Jonathan McDowell, a Harvard astronomer who publishes Jonathan’s Space Report and tracks the Iranian program, said information about the satellite’s mission came out slowly, with few details. “It’s not clear how much of that is because of military involvement,” he said, “or how much is because they don’t know how to do public relations.”

A month after the satellite’s launching, Ahmad Talebzadeh, director of the Iran Space Agency, said Sina-1 could be used to spy on Israel but added that the wide availability of commercial satellite photos made such espionage unnecessary.

Dr. McDowell of Harvard said commercial imagery was often too old and imprecise for spying and setting military targets. “You want to check if the tanks or facilities have moved,” he said. “You want to see with your own eyes.”

It is unclear if and when Iran might acquire a satellite powerful enough to do such military reconnaissance, which can also give early warning of surprise attack. Experts say Sina-1 is too basic for anything more than general observations.

Dr. Sheldon of the Center for Defense and International Security Studies, a private group at Henley-on-Thames in England, said his own analysis suggested that Sina-1 was probably meant for telecommunications, not earth observations.

Iranian officials say that by 2010 they hope to have roughly a half-dozen satellites in orbit, including a large $132 million one known as Zohreh, or Venus. To be made and launched by Russia, the telecommunications craft is to relay data, audio and television signals.

Yiftah S. Shapir, a space analyst at the Jaffee Center for Strategic Studies at Tel Aviv University, questioned Iran’s ability to achieve its ambitious goals. “Iran is motivated,” he said in a recent report, adding, however, that “the engine is stalled, and important projects are being delayed.”
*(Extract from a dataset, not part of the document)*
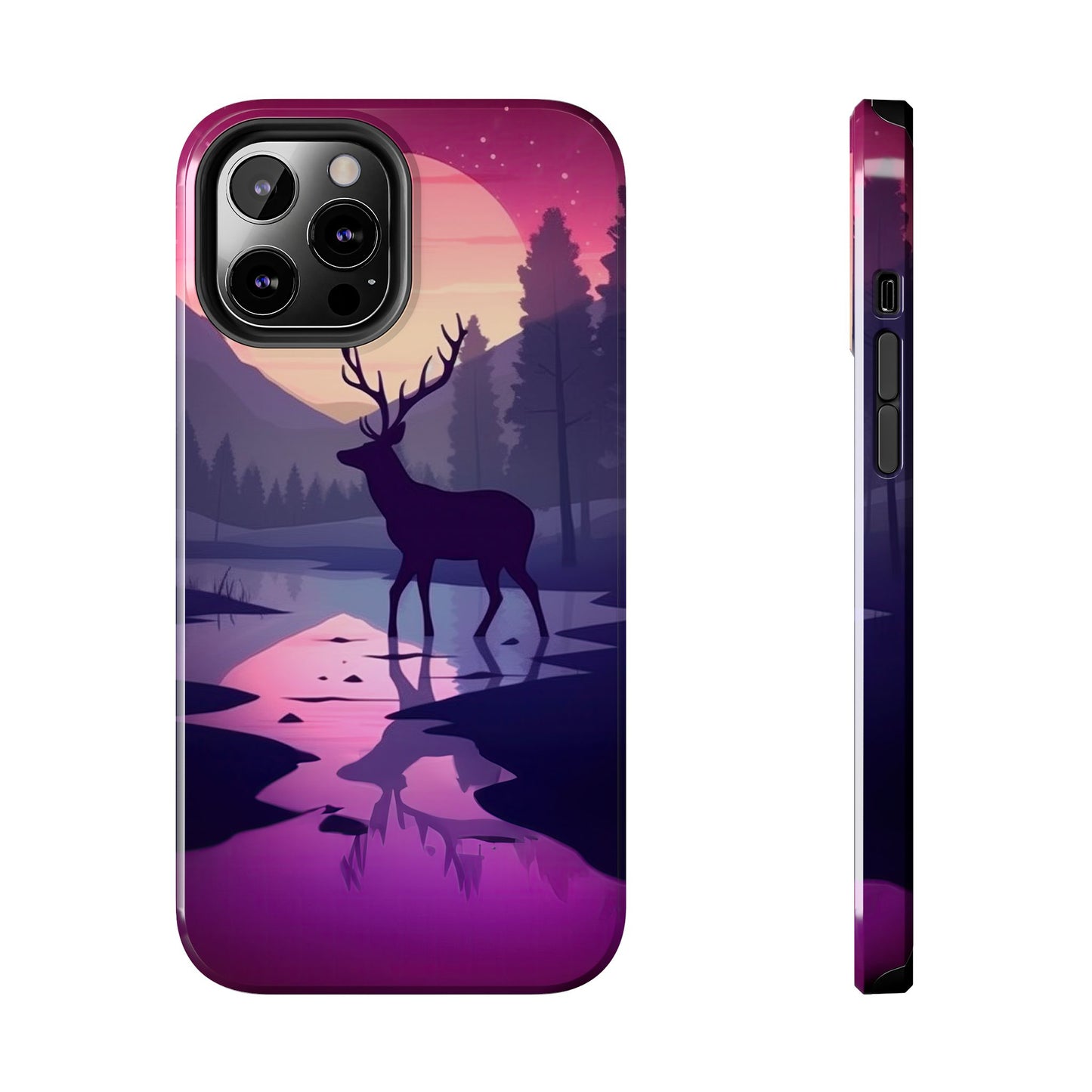 Twilight Elegance: Stag Reflection – iPhone Case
He laid such failures “to the government’s inherent inability to coordinate government agencies, resolve conflicting demands and mobilize the required resources.”

Mr. Vick of GlobalSecurity.org said Iran has long discussed building a tiny satellite on its own and launching it atop one of its own rockets. In theory, he said, it might fly into orbit atop a Shahab-4 or similar Iranian vehicle.

But Mr. Vick said the Iranians had given no clear indication of when they may attempt that milestone. “It’s gone backwards and forwards several times, and left a lot of us wondering what is real and what isn’t,” he said in an interview. “For now, they’re trying to absorb the technology to do this on their own.”

Dr. Sheldon of the Center for Defense and International Security Studies predicted that Iran would one day master the fundamentals in regard to its nuclear, ballistic missile and space efforts but made no guess as to whether such accomplishments would take years or decades.

“The Iranians,” he said, “are prepared to play a long game.”